映画「ONE SHOT ONE KILL」が、その入り口を描いたものだとすれば、「アメリカ−戦争する国の人びと」は、若者たちのその後を描いたものといえるだろう。二十歳そこそこの若さで、戦争を経験した人々は、その後、どのような人生を生きてきたのか。
ベトナムからイラクまで---アメリカの戦争体験がここにある。
映画は8つの物語から構成されている。
(@高校、Aイラク戦争、B戦死、C先住民、D見えない人々、Eベトナムの記憶、F抵抗、Gそれぞれの春)
それぞれ独立しつつ、響きあう8つの物語を通してみるとき、今まで知らされなかったアメリカの本当の姿が見えてくる。 |
|
8つのエピソード |
<Episode 1: High School / 高校>
高校生が軍隊について持っているイメージを問えば、「強さ」、「大学の学費」、「社会保障」、「職業訓練」と答えが返る。カリフォルニア州バークレー高校。日々、軍隊の勧誘と宣伝のターゲットとなる高校生たちに、元教師のスーザン・キンランと元海軍兵士のパブロ・パレデスが、入隊を決める前に考えてほしいと、軍隊の実情や経験を語る。(30分)
<Episode 2: Iraq / イラク戦争>
イラク帰還兵たちが、戦場での経験を語る。間近に目撃した死、人を殺す経験、PTSD、劣化ウランによる被曝、そして彼らを支える家族たち。イラクやアフガンでの戦争にすでに150万人以上のアメリカの若者が送られた。(79分)
<Episode 3: Gold Star / 戦死>
イラクでの米軍の戦死者も4,000人を越えた。2004年4月にバグダッドで戦死したケーシー・シーハンの母シンディ、2004年8月にナジャフで戦死したアレックス・アレドンドの父、カルロスにとっても、他の4千余名の家族にとっても、子供を失う悲しみはは永遠だ。(31分)

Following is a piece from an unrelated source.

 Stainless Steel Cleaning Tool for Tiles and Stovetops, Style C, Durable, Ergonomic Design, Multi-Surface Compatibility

<Episode 4: Indigenous / 先住民>
メキシコ系住民が多数を占めるサンアントニオ市にあるケリー空軍基地。周辺住民や基地労働者は、多発するがんや白血病に苦しめられ、健康被害は子や孫にも及んでいる。アメリカは戦争を繰り返しながら、領土を拡大してきたが、テキサス州もかつてはメキシコだ。住民たちこそ、元々、この地に暮らし続けてきた人びとの末裔なのだが…。(42分)
<Episode 5: Invisible / 見えない人びと>
アメリカでは、350万人がホームレスと言われている。ワシントン州サーストン郡(人口24万人)でも、その数は700人を超える。とてもシェルターには入りきれない。人目を避け、森の中に暮らす人びと…。ホームレスの3人に一人は、イラク、アフガン、ベトナム、コソボ、パナマ・・・様々な戦争を経験した元兵士たちだ。(68分)

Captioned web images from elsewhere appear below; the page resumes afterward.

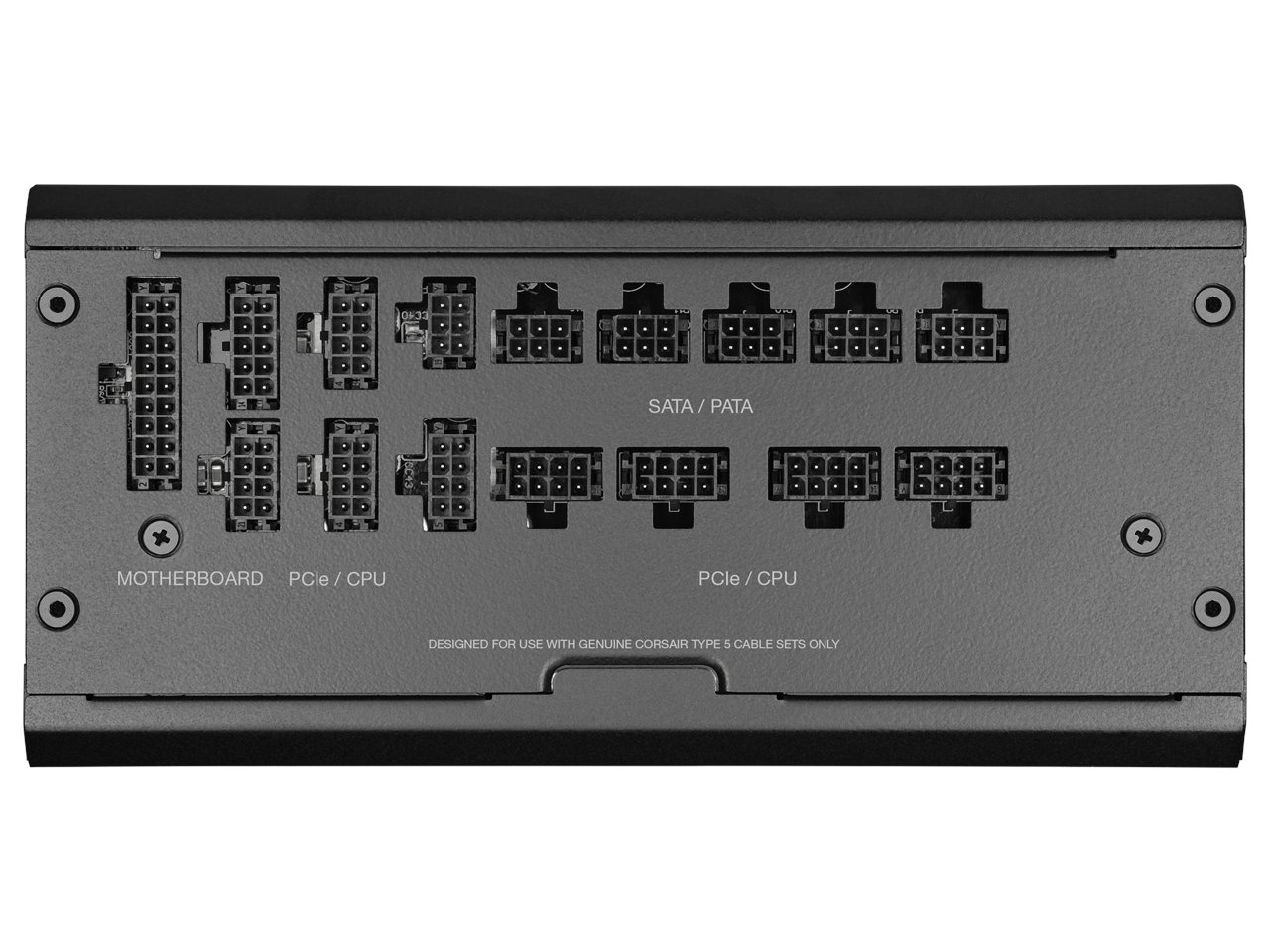 Corsair RM850e (2023) Alimentation ATX entièrement modulaire à Faible Bruit  Conforme ATX 3.0 et PCIe 5.0 Condensateurs évalués à 105°C Efficacité 80  Plus Gold Support de Veille Moderne Noir : : Jeux vidéo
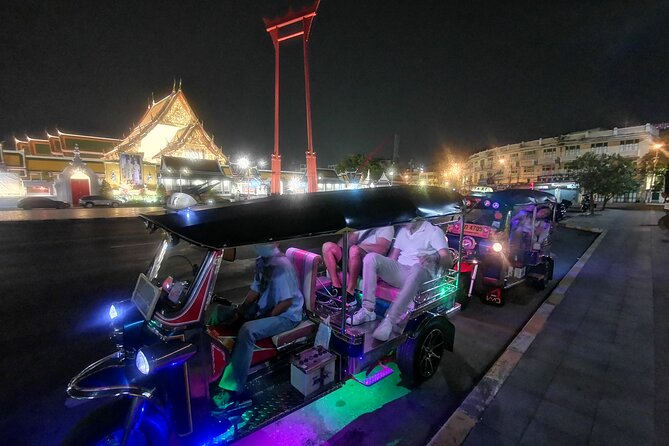 Bangkok Tuk Tuk Food Tour By Night - Rooftop bar views near the Chao Phraya (and what to expect)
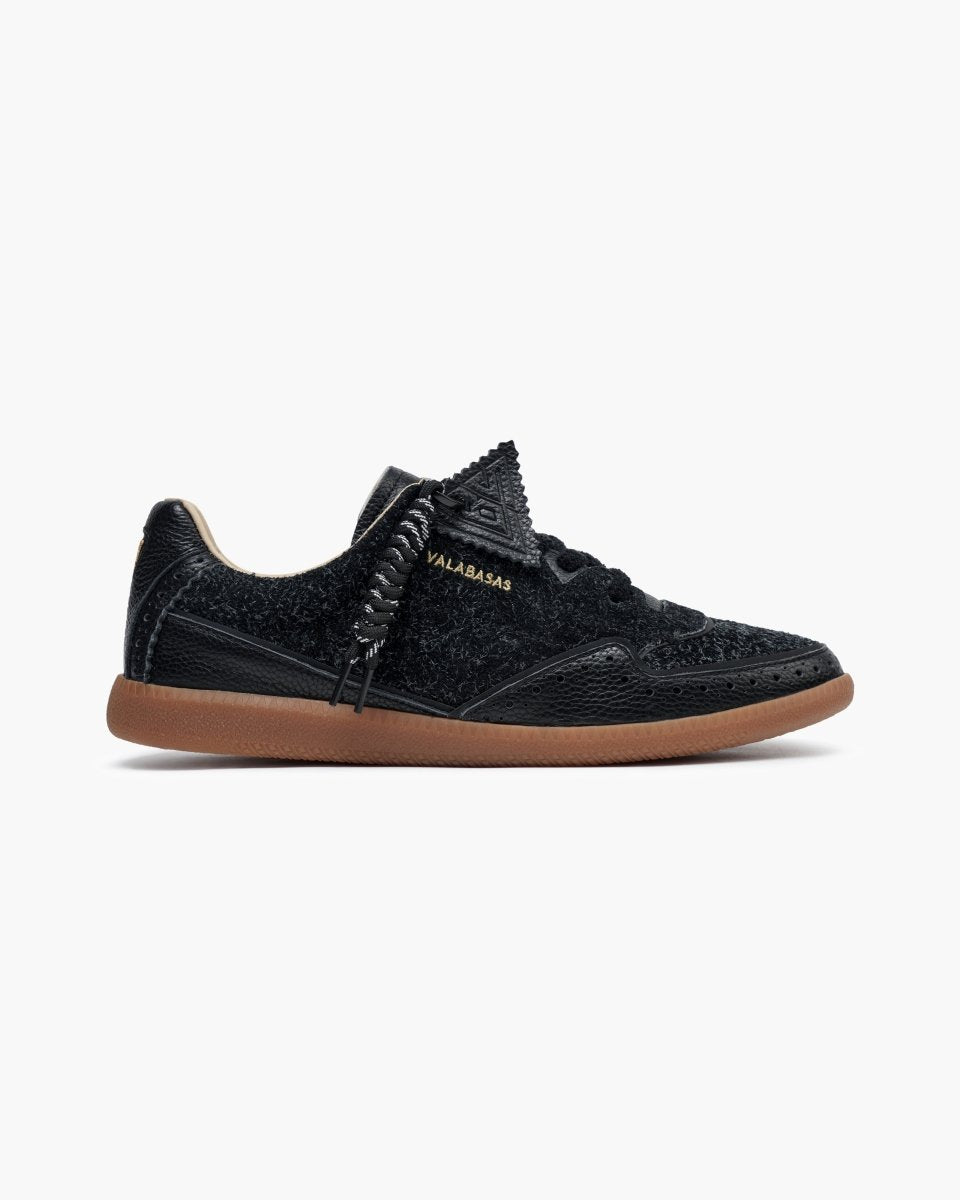 Abel 100 Black Suede - Valabasas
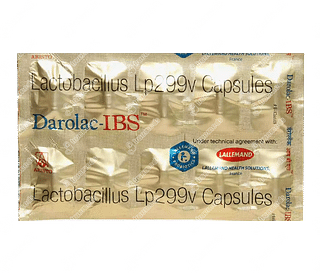 Darolac Ibs 10 Biu Capsule 10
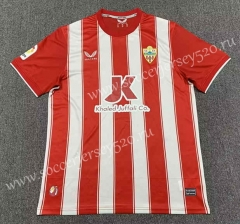 2022-2023 UD Almería Home Red&White Thailand Soccer Jersey AAA-512
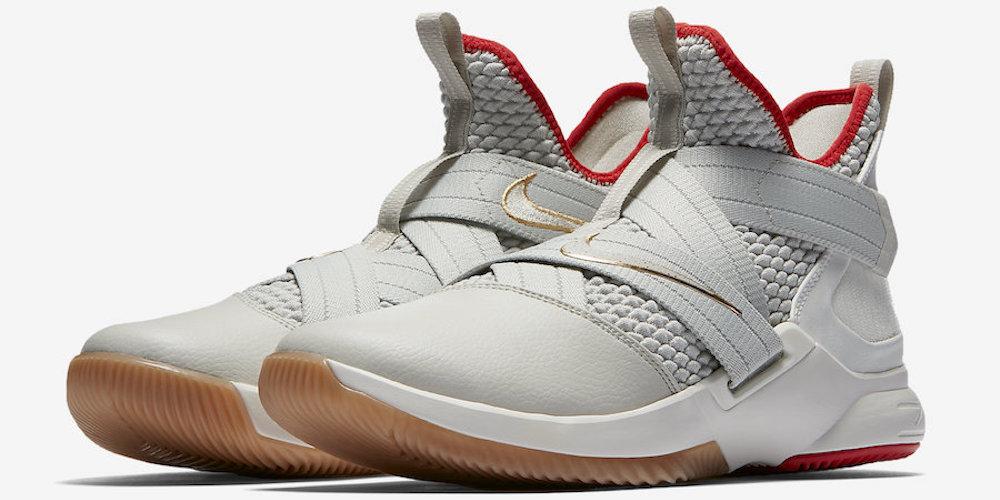 Nike LeBron Soldier 12 Light Bone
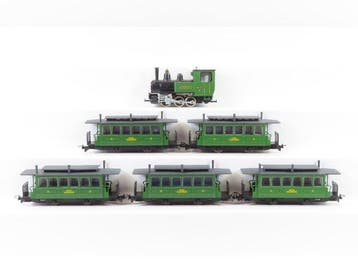 Liliput H0e - 739 - Treinset (1) - 6-Delige set met, Hobby en Vrije tijd, Modeltreinen | H0, Nieuw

<Episode 6: Vietnam / ベトナムの記憶>
のべ260万人の米軍兵士が送られたベトナム戦争。終わって30年以上経つが、多くのアメリカ人にとって、それは未だ脳裏を去らない出来事だ。かつての若者たちは、ベトナムで何を見、その後どうやって生きてきたのか・・・3人の帰還兵が語る。(66分)
<Episode 7: Resist / 抵抗>
アメリカの歴史は戦争の歴史。しかしそれは同時に、戦争を拒否した兵士たちの歴史でもある。それぞれの時代に、抵抗し、戦争を拒否した兵士たちがいた。ベトナム戦争、湾岸戦争、そして、今日も続くイラク戦争でも。(109分)

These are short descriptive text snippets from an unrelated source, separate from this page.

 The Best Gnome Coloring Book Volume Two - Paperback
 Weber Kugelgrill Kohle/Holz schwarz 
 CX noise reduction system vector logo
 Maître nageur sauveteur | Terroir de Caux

<Episode 8: Springs / それぞれの春>
共に歩く伴侶を得たり、家族が増えたり、元兵士やホームレスの人たちの暮らしにも、少しずつ変化が訪れる。前に向かって歩き始めた人びとがいる一方、ホームレスの暮らす森では殺人事件も起きる。ブートキャンプ(新兵訓練所)を卒業して、若者たちはまた、戦場へ送られてゆく。いまだ終わらぬ戦争に、今日も声を上げ続けるおばあちゃんたち。旅の終わりに訪れた2008年、それぞれの春の景色。(69分)
|
|
|
<コメント>
他人事ではない…
2009年、この作品を藤本監督に見せてもらった時、その少し前にダイエット商品のビリーズブートキャンプ」が流行っていたこともあり、面白そうだな(でも長いな)、と見始めたのですが、衝撃を受けました。
まず、実際に戦場に行ってきた普通の市民の言葉が重く、戦争は戦場だけで終わるのではなく、帰って来てからの人生を確実に蝕むということが描かれていましたし、なによりも、「戦争をする」つまり、実際に戦場に行く人々をどう育てるのか、を考えている人々がいることを知り、正直、恐怖を感じました。
2015年のこの時期だからこそ、「戦争する国」の未来には何が待っているのか、改めて本作を見てほしいと思い、再上映致します。